**PROBLEM TO SOLVE**
This exercise calls for every record to be set down exactly.

**EXTRACTED RECORDS**
########
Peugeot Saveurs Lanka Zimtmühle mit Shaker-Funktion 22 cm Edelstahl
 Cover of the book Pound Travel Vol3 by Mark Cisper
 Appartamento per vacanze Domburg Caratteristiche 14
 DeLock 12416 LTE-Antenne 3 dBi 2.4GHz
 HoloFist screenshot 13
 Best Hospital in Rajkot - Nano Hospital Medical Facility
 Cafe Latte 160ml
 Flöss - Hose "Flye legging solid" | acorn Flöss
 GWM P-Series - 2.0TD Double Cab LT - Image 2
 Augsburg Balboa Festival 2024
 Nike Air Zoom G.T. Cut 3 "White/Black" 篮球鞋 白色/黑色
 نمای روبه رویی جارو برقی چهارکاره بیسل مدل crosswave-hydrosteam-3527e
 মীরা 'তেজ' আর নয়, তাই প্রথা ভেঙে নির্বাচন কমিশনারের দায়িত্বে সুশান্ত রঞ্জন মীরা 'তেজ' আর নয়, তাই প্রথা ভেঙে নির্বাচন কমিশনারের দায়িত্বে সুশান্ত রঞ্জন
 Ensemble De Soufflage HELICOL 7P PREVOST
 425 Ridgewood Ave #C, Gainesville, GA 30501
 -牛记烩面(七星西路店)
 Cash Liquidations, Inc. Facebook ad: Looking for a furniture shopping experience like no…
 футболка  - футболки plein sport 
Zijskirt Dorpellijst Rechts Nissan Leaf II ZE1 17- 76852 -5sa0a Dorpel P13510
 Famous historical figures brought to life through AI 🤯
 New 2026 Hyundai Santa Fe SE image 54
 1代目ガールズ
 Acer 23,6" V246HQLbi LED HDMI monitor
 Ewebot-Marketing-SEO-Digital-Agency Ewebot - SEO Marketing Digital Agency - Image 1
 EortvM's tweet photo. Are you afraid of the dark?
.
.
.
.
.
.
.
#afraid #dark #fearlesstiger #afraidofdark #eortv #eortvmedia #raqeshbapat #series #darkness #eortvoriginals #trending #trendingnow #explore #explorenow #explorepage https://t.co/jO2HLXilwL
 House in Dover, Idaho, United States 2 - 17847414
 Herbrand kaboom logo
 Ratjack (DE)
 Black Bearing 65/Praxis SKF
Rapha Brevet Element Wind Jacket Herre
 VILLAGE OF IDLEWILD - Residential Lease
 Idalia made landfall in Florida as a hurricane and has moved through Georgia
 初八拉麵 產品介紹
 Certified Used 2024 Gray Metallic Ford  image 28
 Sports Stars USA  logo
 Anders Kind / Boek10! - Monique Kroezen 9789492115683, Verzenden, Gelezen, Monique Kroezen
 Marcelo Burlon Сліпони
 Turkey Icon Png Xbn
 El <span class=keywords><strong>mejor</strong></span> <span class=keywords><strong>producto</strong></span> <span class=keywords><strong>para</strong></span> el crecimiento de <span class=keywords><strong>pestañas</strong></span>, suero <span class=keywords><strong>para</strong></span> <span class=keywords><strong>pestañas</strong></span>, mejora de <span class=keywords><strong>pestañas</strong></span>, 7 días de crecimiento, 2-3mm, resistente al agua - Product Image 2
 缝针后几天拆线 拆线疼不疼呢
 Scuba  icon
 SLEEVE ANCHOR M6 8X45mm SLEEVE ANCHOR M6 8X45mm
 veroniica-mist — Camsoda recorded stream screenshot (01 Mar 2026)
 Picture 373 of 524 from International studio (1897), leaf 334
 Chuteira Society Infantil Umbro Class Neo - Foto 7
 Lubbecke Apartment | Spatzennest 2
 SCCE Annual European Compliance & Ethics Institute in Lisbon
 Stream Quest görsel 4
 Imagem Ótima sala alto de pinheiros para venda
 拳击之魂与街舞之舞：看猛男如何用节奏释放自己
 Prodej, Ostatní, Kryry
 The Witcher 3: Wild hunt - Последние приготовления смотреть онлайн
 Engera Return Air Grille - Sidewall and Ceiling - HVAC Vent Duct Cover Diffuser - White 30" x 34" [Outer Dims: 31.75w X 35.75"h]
########
**ANSWER SECTION**
Peugeot Saveurs Lanka Zimtmühle mit Shaker-Funktion 22 cm Edelstahl
 Cover of the book Pound Travel Vol3 by Mark Cisper
 Appartamento per vacanze Domburg Caratteristiche 14
 DeLock 12416 LTE-Antenne 3 dBi 2.4GHz
 HoloFist screenshot 13
 Best Hospital in Rajkot - Nano Hospital Medical Facility
 Cafe Latte 160ml
 Flöss - Hose "Flye legging solid" | acorn Flöss
 GWM P-Series - 2.0TD Double Cab LT - Image 2
 Augsburg Balboa Festival 2024
 Nike Air Zoom G.T. Cut 3 "White/Black" 篮球鞋 白色/黑色
 نمای روبه رویی جارو برقی چهارکاره بیسل مدل crosswave-hydrosteam-3527e
 মীরা 'তেজ' আর নয়, তাই প্রথা ভেঙে নির্বাচন কমিশনারের দায়িত্বে সুশান্ত রঞ্জন মীরা 'তেজ' আর নয়, তাই প্রথা ভেঙে নির্বাচন কমিশনারের দায়িত্বে সুশান্ত রঞ্জন
 Ensemble De Soufflage HELICOL 7P PREVOST
 425 Ridgewood Ave #C, Gainesville, GA 30501
 -牛记烩面(七星西路店)
 Cash Liquidations, Inc. Facebook ad: Looking for a furniture shopping experience like no…
 футболка  - футболки plein sport 
Zijskirt Dorpellijst Rechts Nissan Leaf II ZE1 17- 76852 -5sa0a Dorpel P13510
 Famous historical figures brought to life through AI 🤯
 New 2026 Hyundai Santa Fe SE image 54
 1代目ガールズ
 Acer 23,6" V246HQLbi LED HDMI monitor
 Ewebot-Marketing-SEO-Digital-Agency Ewebot - SEO Marketing Digital Agency - Image 1
 EortvM's tweet photo. Are you afraid of the dark?
.
.
.
.
.
.
.
#afraid #dark #fearlesstiger #afraidofdark #eortv #eortvmedia #raqeshbapat #series #darkness #eortvoriginals #trending #trendingnow #explore #explorenow #explorepage https://t.co/jO2HLXilwL
 House in Dover, Idaho, United States 2 - 17847414
 Herbrand kaboom logo
 Ratjack (DE)
 Black Bearing 65/Praxis SKF
Rapha Brevet Element Wind Jacket Herre
 VILLAGE OF IDLEWILD - Residential Lease
 Idalia made landfall in Florida as a hurricane and has moved through Georgia
 初八拉麵 產品介紹
 Certified Used 2024 Gray Metallic Ford  image 28
 Sports Stars USA  logo
 Anders Kind / Boek10! - Monique Kroezen 9789492115683, Verzenden, Gelezen, Monique Kroezen
 Marcelo Burlon Сліпони
 Turkey Icon Png Xbn
 El <span class=keywords><strong>mejor</strong></span> <span class=keywords><strong>producto</strong></span> <span class=keywords><strong>para</strong></span> el crecimiento de <span class=keywords><strong>pestañas</strong></span>, suero <span class=keywords><strong>para</strong></span> <span class=keywords><strong>pestañas</strong></span>, mejora de <span class=keywords><strong>pestañas</strong></span>, 7 días de crecimiento, 2-3mm, resistente al agua - Product Image 2
 缝针后几天拆线 拆线疼不疼呢
 Scuba  icon
 SLEEVE ANCHOR M6 8X45mm SLEEVE ANCHOR M6 8X45mm
 veroniica-mist — Camsoda recorded stream screenshot (01 Mar 2026)
 Picture 373 of 524 from International studio (1897), leaf 334
 Chuteira Society Infantil Umbro Class Neo - Foto 7
 Lubbecke Apartment | Spatzennest 2
 SCCE Annual European Compliance & Ethics Institute in Lisbon
 Stream Quest görsel 4
 Imagem Ótima sala alto de pinheiros para venda
 拳击之魂与街舞之舞：看猛男如何用节奏释放自己
 Prodej, Ostatní, Kryry
 The Witcher 3: Wild hunt - Последние приготовления смотреть онлайн
 Engera Return Air Grille - Sidewall and Ceiling - HVAC Vent Duct Cover Diffuser - White 30" x 34" [Outer Dims: 31.75w X 35.75"h]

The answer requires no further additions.